|
 |
On Wed, 04 Jun 2008 12:57:14 -0700, Darren New wrote:
> Jim Henderson wrote:
>> Sure there are other factors, but the major beef that Bin Laden and
>> others has is that unbelievers are in their holy land. Our solution to
>> that was to put MORE unbelievers in their land.
>
> Yeah. And the obviously correct way to get our military *out* of their
> land was to start attacking our *own* country. Good move, that. ;-)
Well, it wasn't Iraq who attacked us on 9/11, was it?

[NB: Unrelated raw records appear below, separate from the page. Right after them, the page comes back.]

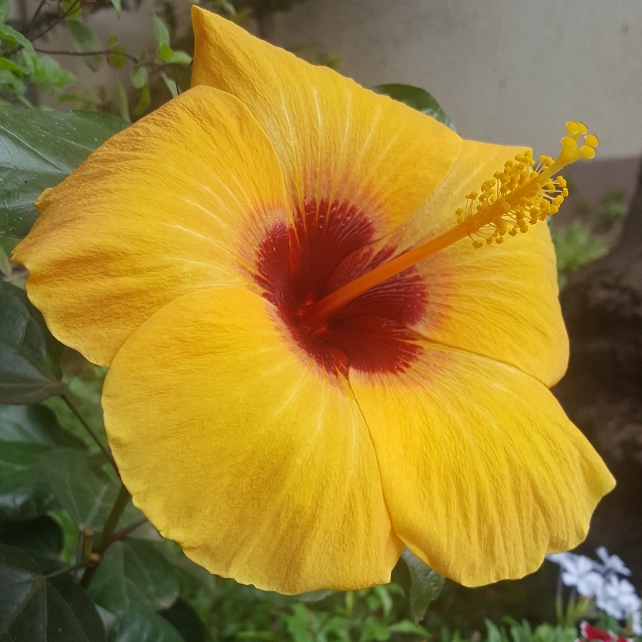 plant image 830857 plant image 830857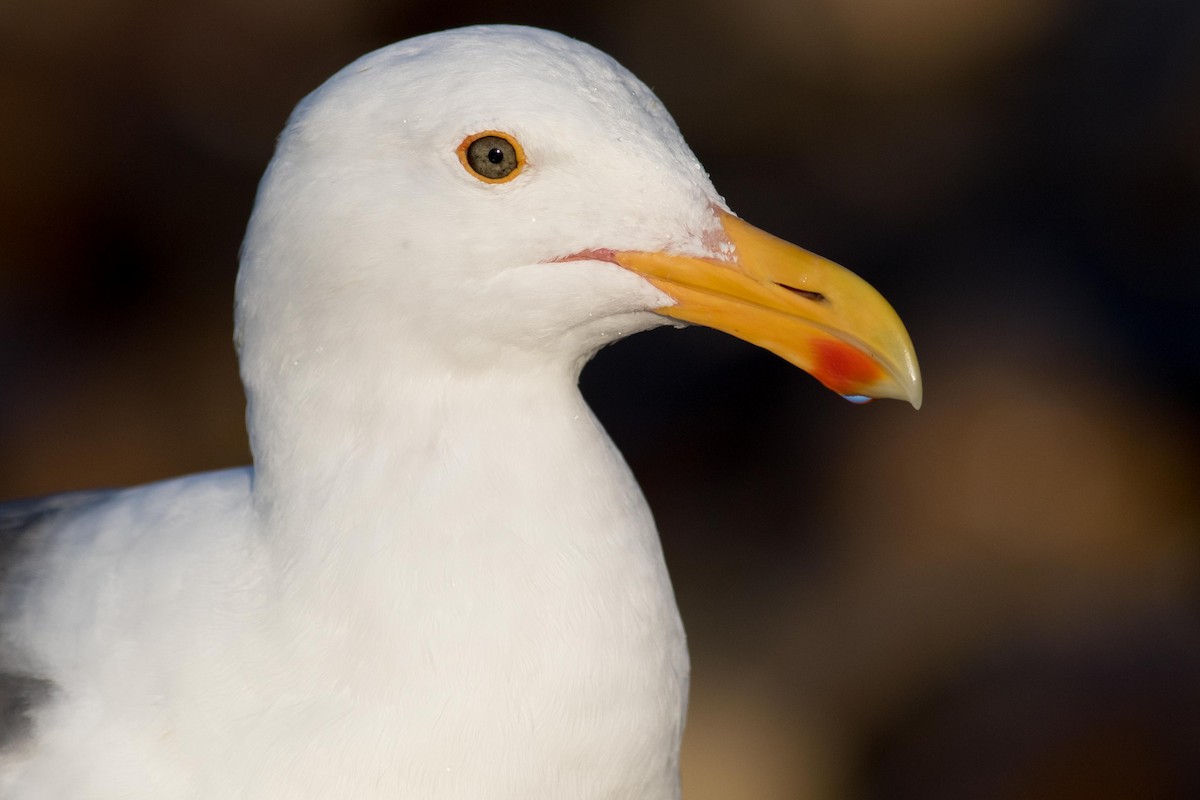 Western Gull - ML170545471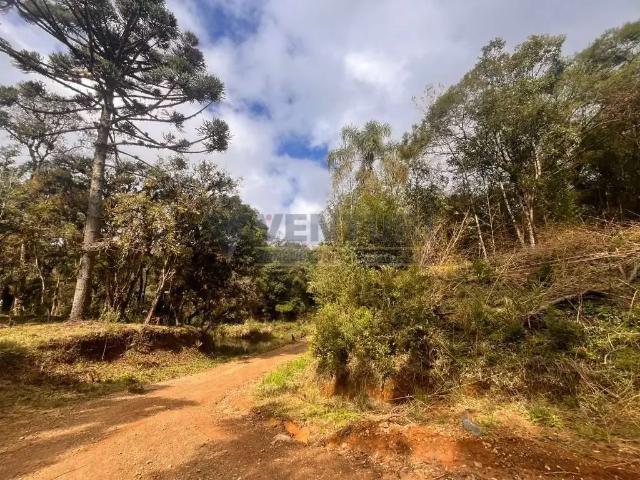 Sítio e chácara venda em Região Geográfica Imediata de Curitiba, Região Metropolitana de Curitiba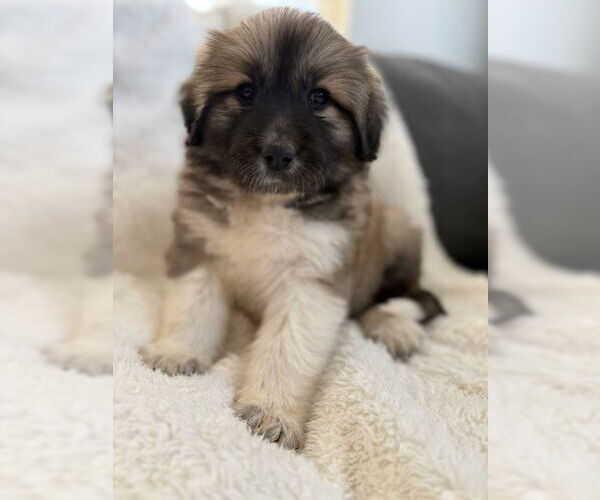 Medium Photo #3 Anatolian Pyrenees Puppy For Sale in MIDWAY, UT, USA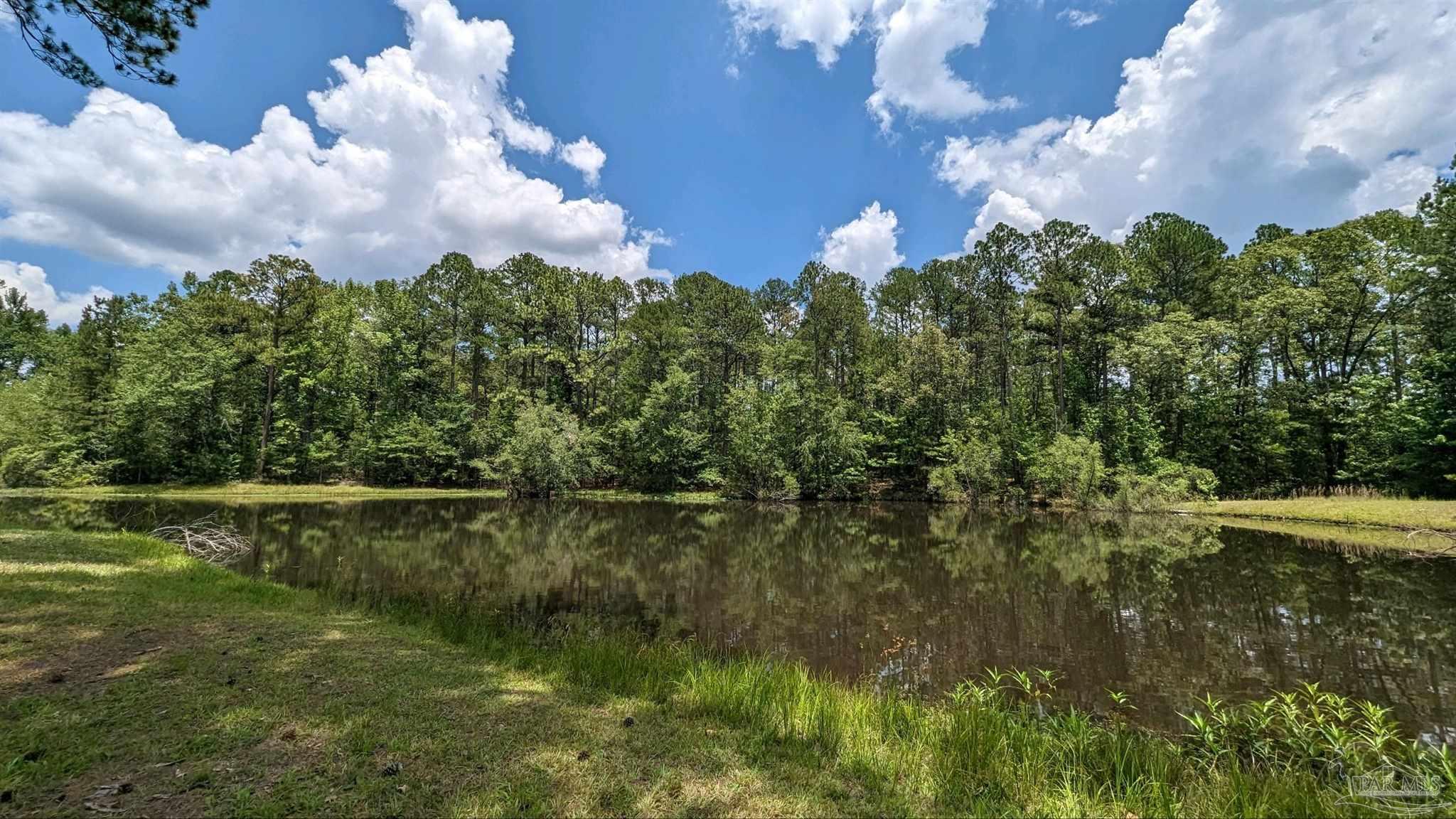 3277 Barlow Road Millry, AL 36558 - Photo 2 of 50
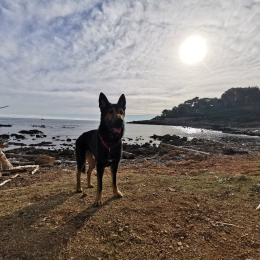 Onyx profile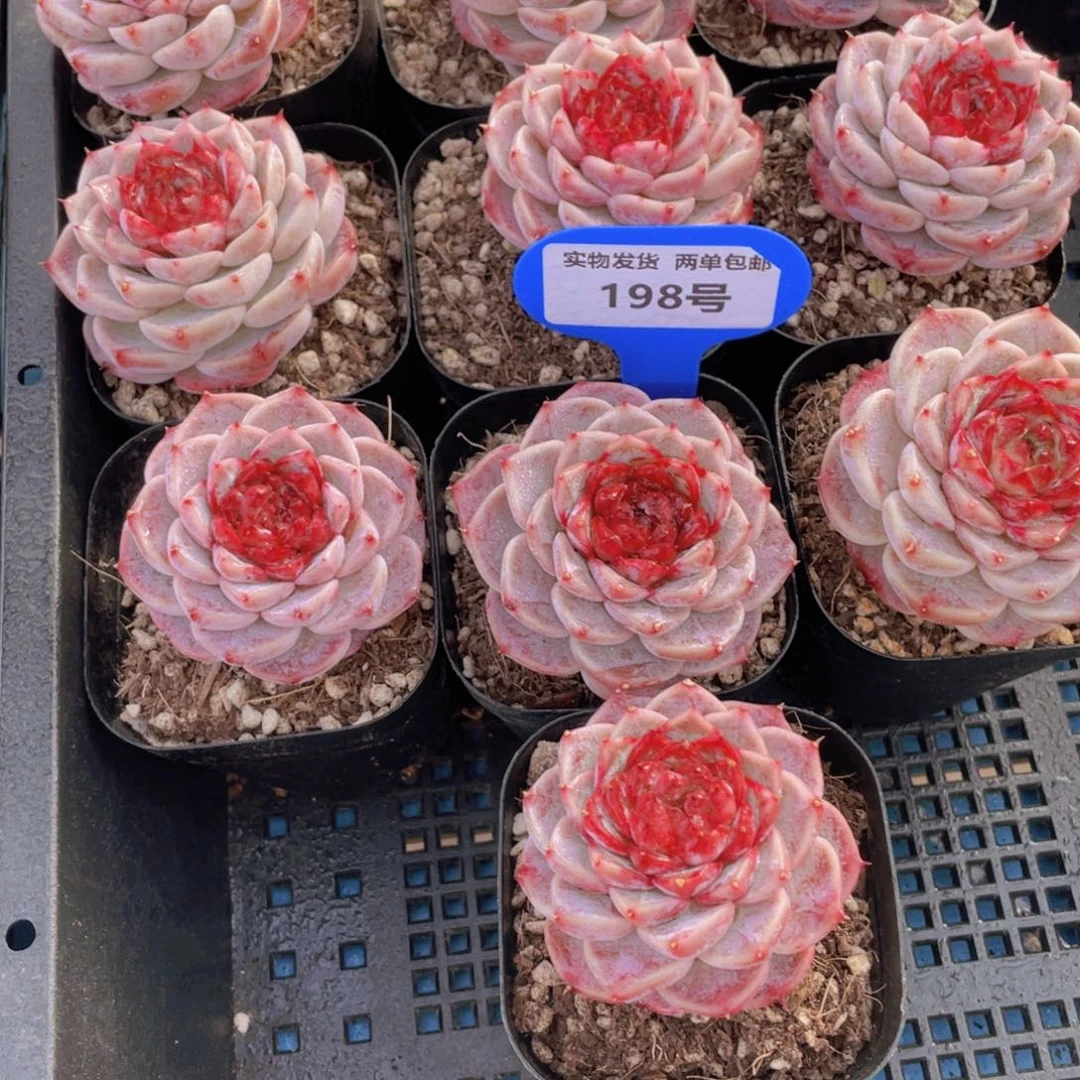 198号 全状态糖心天鹅绒单头一个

I don't seem to recall that 9/11 was the first attempt to get us out of
their land. Some people take the approach "I'll *show* you what it's
like" after other means fail.
I absolutely don't agree with their tactics, but I can understand why
they do what they do. This isn't something that happened overnight; even
when Bin Laden was on "our side" fighting in Afghanistan, he was angry
about the "US occupation" (ie, established military bases) in Saudi
Arabia.
If you were a believer in God (and I know you're not from earlier
discussions), if someone came in and pissed all over your church and
disrespected your religion, you'd probably be upset about it as well. If
after asking a hundred times that they leave they didn't, you might feel
it was time to take more extreme action to get your point across.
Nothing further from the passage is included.